[Opening Task input section]

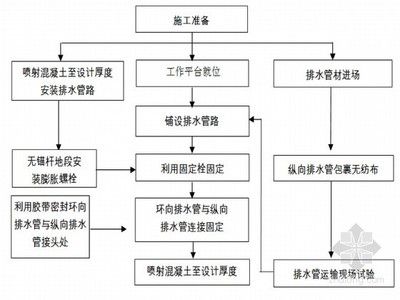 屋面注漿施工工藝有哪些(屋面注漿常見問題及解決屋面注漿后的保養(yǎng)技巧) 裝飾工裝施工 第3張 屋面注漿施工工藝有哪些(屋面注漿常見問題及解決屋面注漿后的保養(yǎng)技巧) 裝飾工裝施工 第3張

[Closing Task input section]
[Opening Task input section]

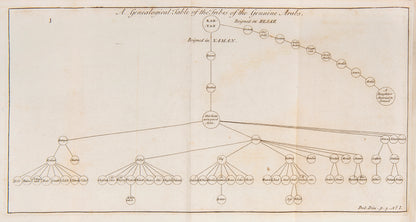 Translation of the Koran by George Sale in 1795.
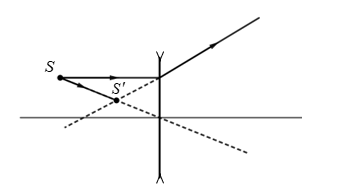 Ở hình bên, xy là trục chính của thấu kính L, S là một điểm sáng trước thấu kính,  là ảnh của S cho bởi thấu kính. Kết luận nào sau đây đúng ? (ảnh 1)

[Closing Task input section]

_Task instructions_
Everything from the line above that contains "Translation of the" down to the line that contains "Ở hình bên, xy là" must be reproduced exactly, both ends included. Omit the pictures.

_Task solution_
 Translation of the Koran by George Sale in 1795.
 Ở hình bên, xy là trục chính của thấu kính L, S là một điểm sáng trước thấu kính,  là ảnh của S cho bởi thấu kính. Kết luận nào sau đây đúng ? (ảnh 1)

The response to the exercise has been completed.